> DESCRIPTION OF THE TASK: Start at the top of the records and, please, print each line exactly through the line that contains "Alright, let's talk", leaving out all pictures.

> DATA FOR REVIEW:
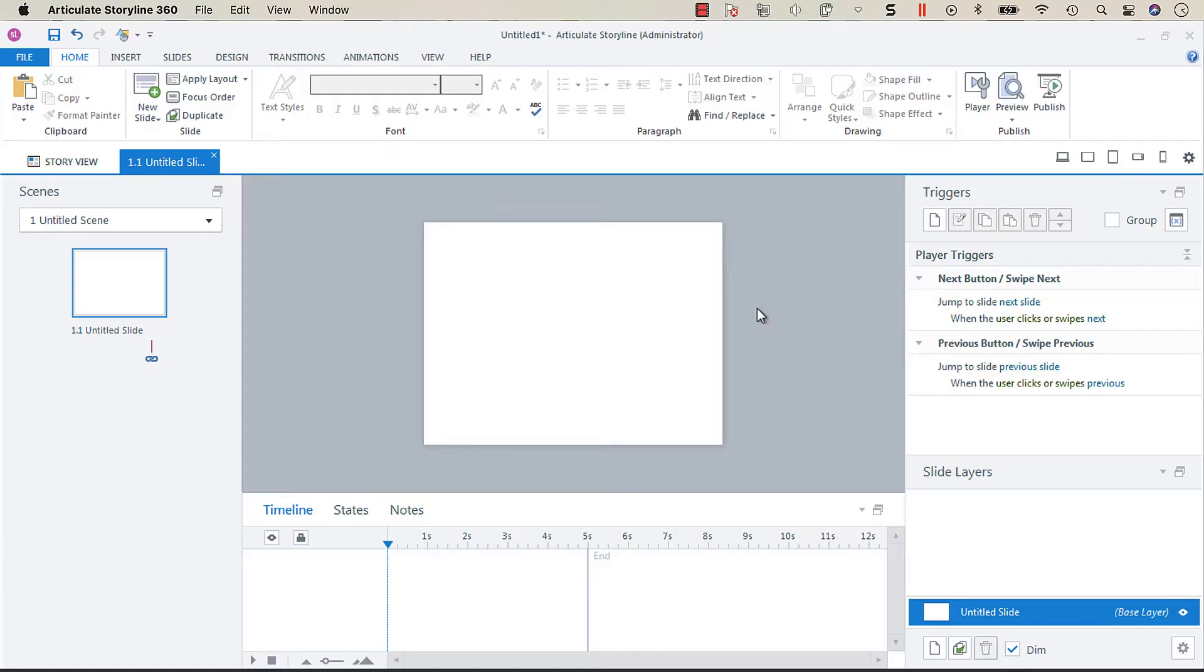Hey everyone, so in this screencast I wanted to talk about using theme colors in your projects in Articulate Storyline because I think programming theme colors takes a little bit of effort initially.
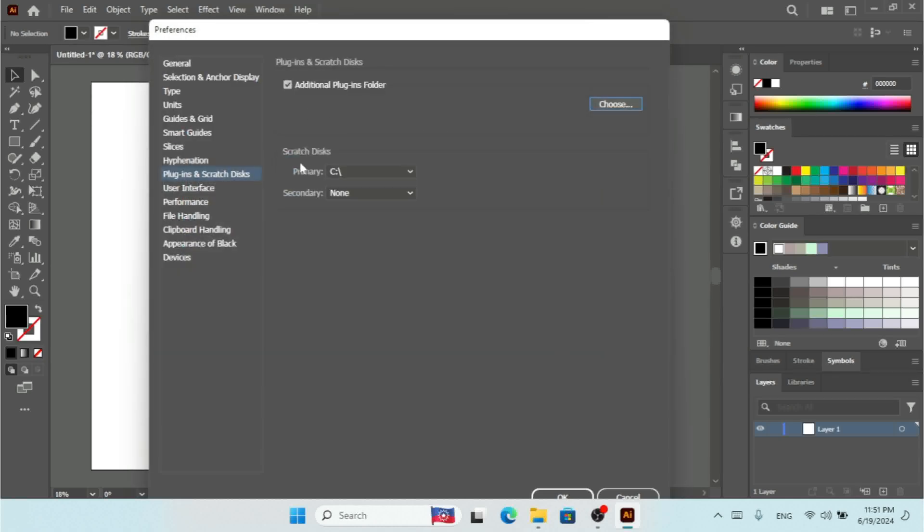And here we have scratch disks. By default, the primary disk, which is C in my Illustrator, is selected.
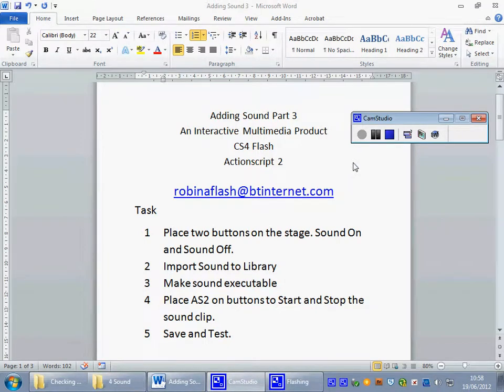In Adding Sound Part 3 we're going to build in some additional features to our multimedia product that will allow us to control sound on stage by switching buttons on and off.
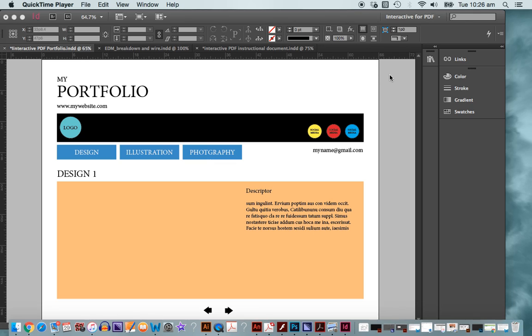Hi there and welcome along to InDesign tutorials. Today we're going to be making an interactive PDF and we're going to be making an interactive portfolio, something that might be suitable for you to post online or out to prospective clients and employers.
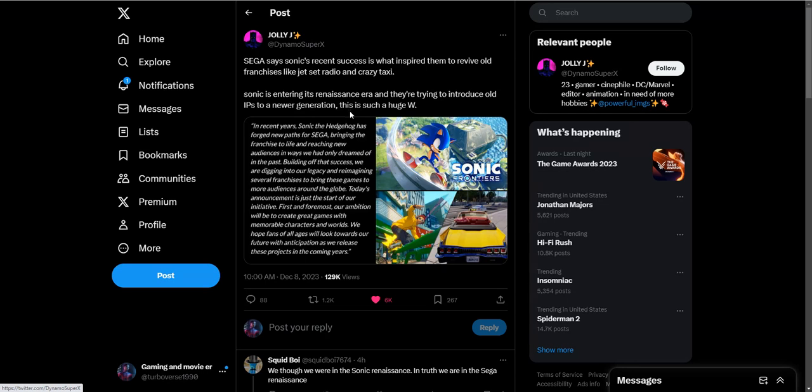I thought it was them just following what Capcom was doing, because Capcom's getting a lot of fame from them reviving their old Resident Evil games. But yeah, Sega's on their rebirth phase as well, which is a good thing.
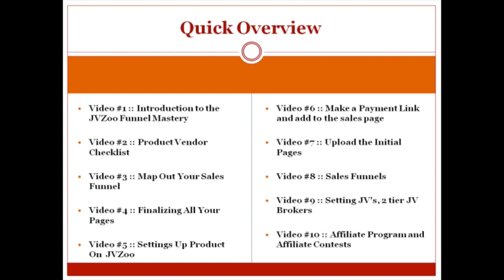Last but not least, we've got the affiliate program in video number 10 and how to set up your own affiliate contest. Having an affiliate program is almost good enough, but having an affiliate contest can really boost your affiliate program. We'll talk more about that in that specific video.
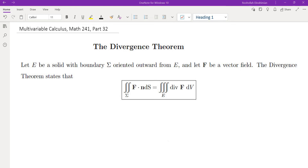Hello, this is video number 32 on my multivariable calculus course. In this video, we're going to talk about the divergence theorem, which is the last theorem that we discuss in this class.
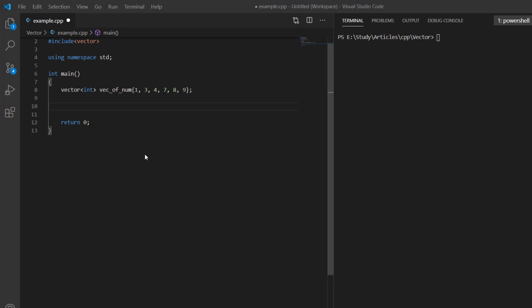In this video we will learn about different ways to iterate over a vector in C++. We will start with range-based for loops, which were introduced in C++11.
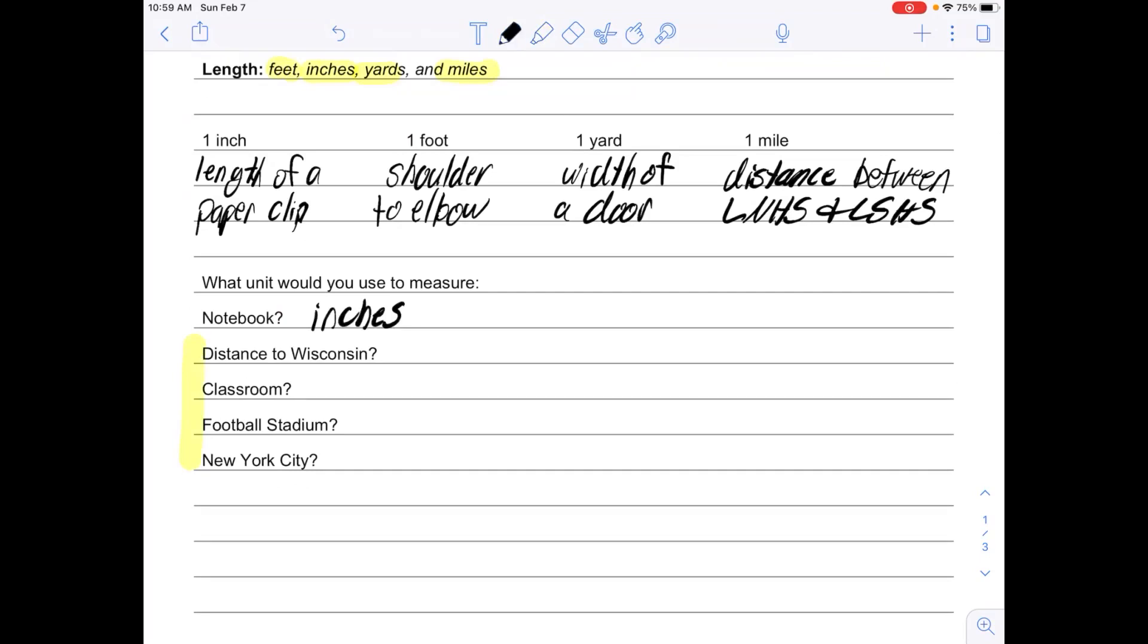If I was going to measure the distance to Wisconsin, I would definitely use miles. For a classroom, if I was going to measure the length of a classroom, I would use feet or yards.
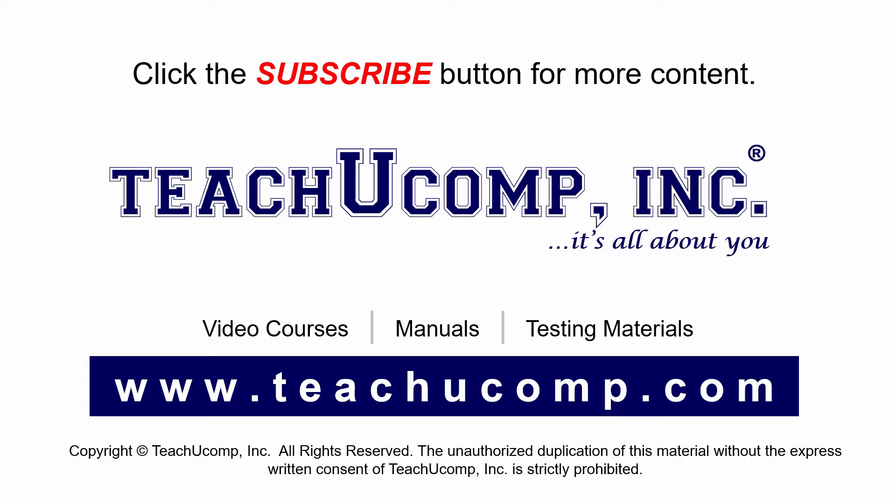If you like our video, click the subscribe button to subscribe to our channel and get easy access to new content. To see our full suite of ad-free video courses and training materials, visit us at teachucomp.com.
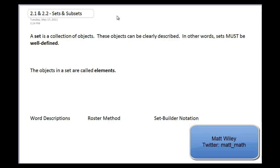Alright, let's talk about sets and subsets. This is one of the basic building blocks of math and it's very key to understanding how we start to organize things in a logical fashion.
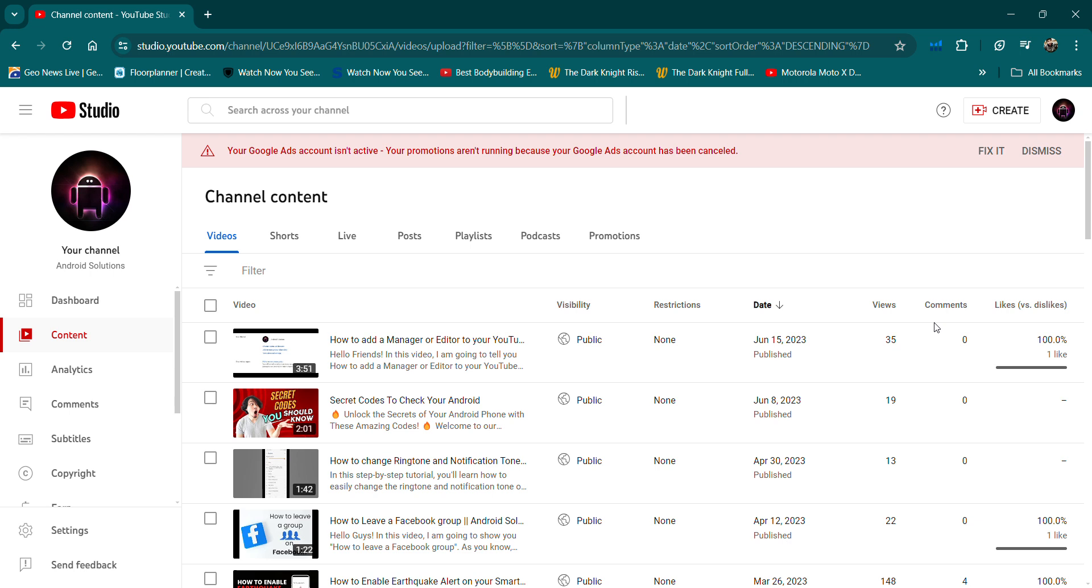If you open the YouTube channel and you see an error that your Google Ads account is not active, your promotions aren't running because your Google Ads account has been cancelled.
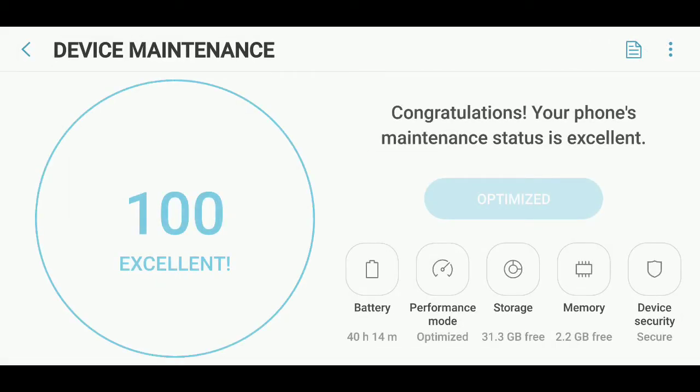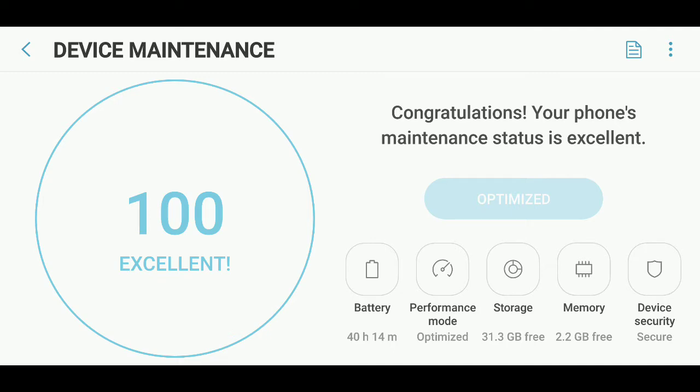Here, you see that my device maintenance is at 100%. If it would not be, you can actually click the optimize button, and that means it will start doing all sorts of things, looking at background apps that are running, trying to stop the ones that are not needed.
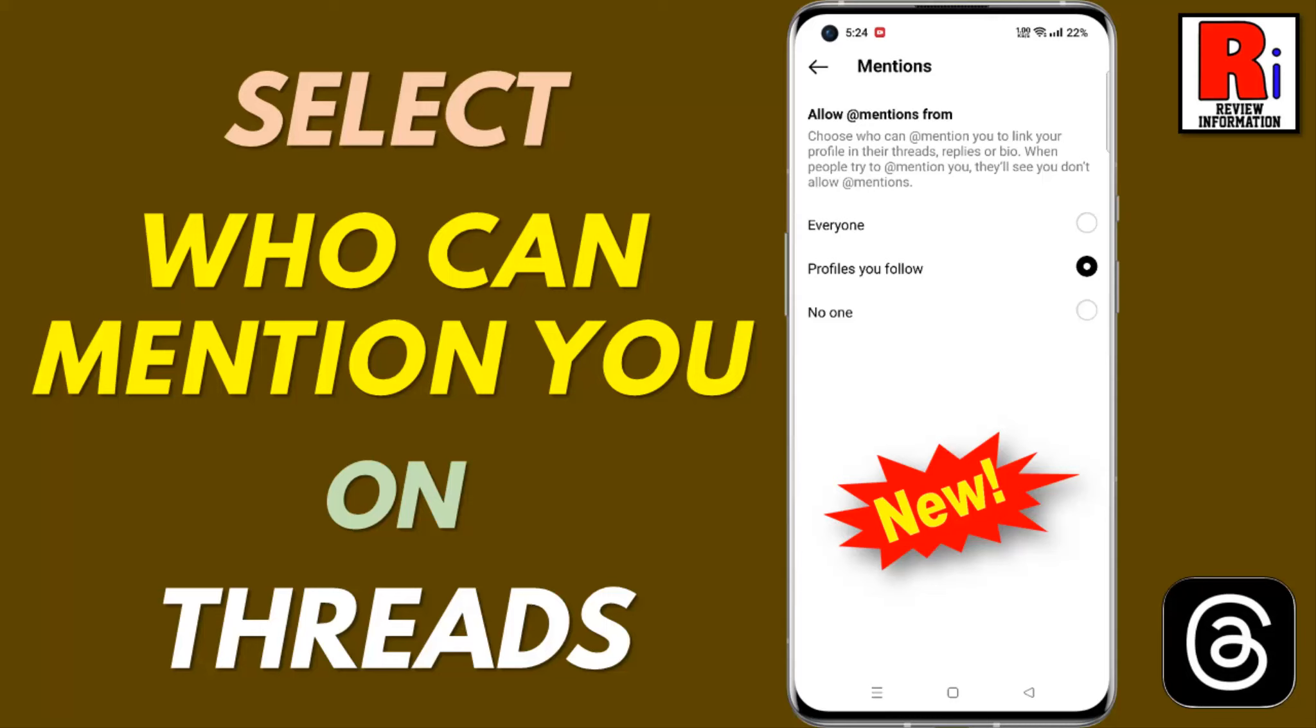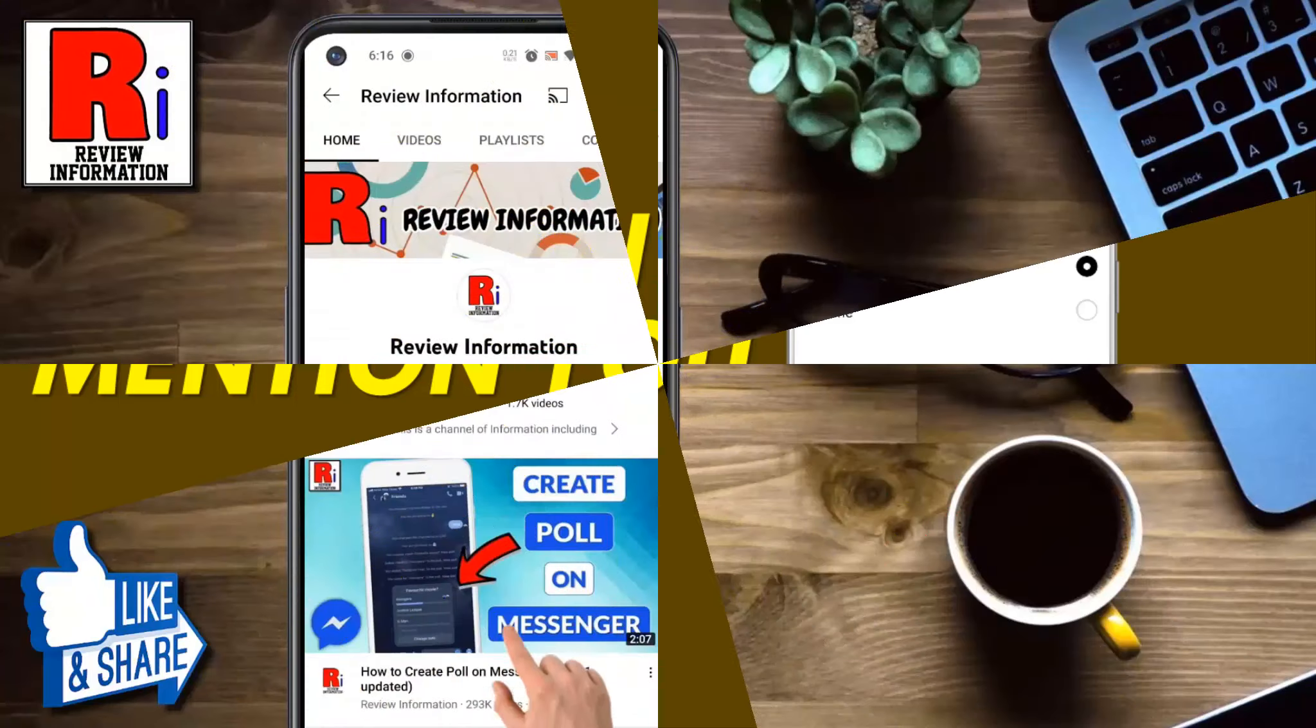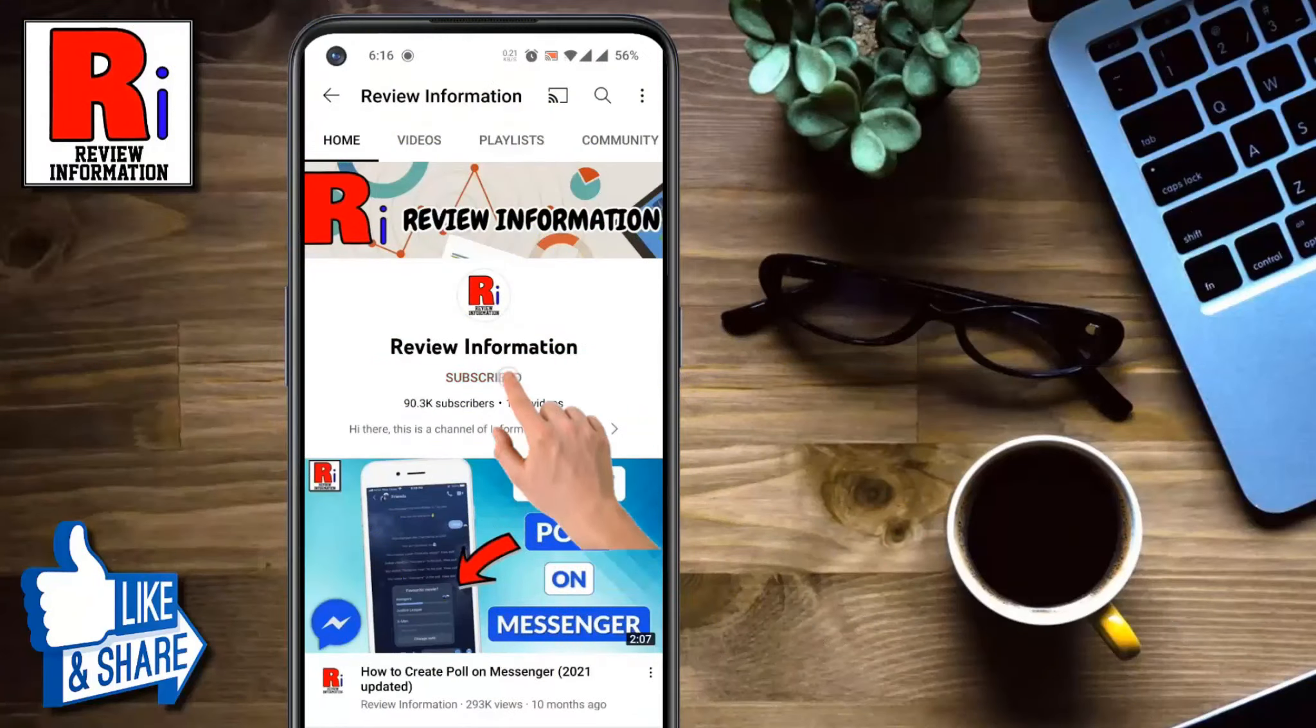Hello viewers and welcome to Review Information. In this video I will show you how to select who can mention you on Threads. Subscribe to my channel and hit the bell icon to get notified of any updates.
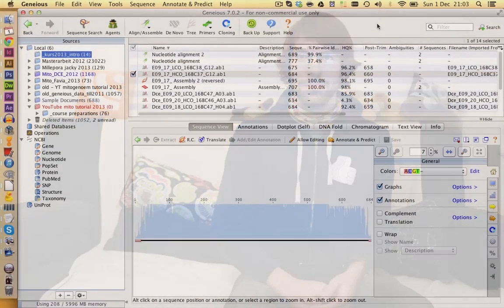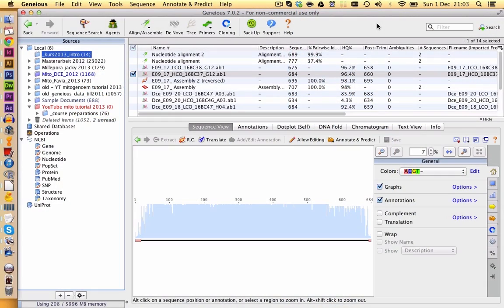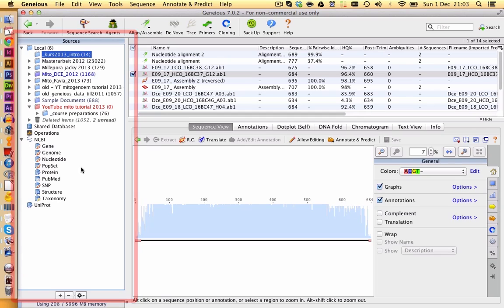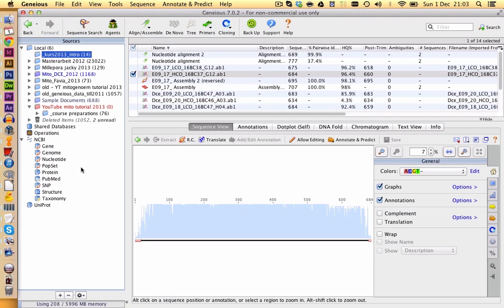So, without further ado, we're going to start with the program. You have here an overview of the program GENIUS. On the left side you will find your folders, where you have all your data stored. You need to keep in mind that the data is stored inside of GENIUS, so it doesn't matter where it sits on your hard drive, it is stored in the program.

> THE ANSWER:
Hey everyone, so in this screencast I wanted to talk about using theme colors in your projects in Articulate Storyline because I think programming theme colors takes a little bit of effort initially.
And here we have scratch disks. By default, the primary disk, which is C in my Illustrator, is selected.
In Adding Sound Part 3 we're going to build in some additional features to our multimedia product that will allow us to control sound on stage by switching buttons on and off.
Hi there and welcome along to InDesign tutorials. Today we're going to be making an interactive PDF and we're going to be making an interactive portfolio, something that might be suitable for you to post online or out to prospective clients and employers.
I thought it was them just following what Capcom was doing, because Capcom's getting a lot of fame from them reviving their old Resident Evil games. But yeah, Sega's on their rebirth phase as well, which is a good thing.
Last but not least, we've got the affiliate program in video number 10 and how to set up your own affiliate contest. Having an affiliate program is almost good enough, but having an affiliate contest can really boost your affiliate program. We'll talk more about that in that specific video.
Hello, this is video number 32 on my multivariable calculus course. In this video, we're going to talk about the divergence theorem, which is the last theorem that we discuss in this class.
In this video we will learn about different ways to iterate over a vector in C++. We will start with range-based for loops, which were introduced in C++11.
If I was going to measure the distance to Wisconsin, I would definitely use miles. For a classroom, if I was going to measure the length of a classroom, I would use feet or yards.
If you like our video, click the subscribe button to subscribe to our channel and get easy access to new content. To see our full suite of ad-free video courses and training materials, visit us at teachucomp.com.
Alright, let's talk about sets and subsets. This is one of the basic building blocks of math and it's very key to understanding how we start to organize things in a logical fashion.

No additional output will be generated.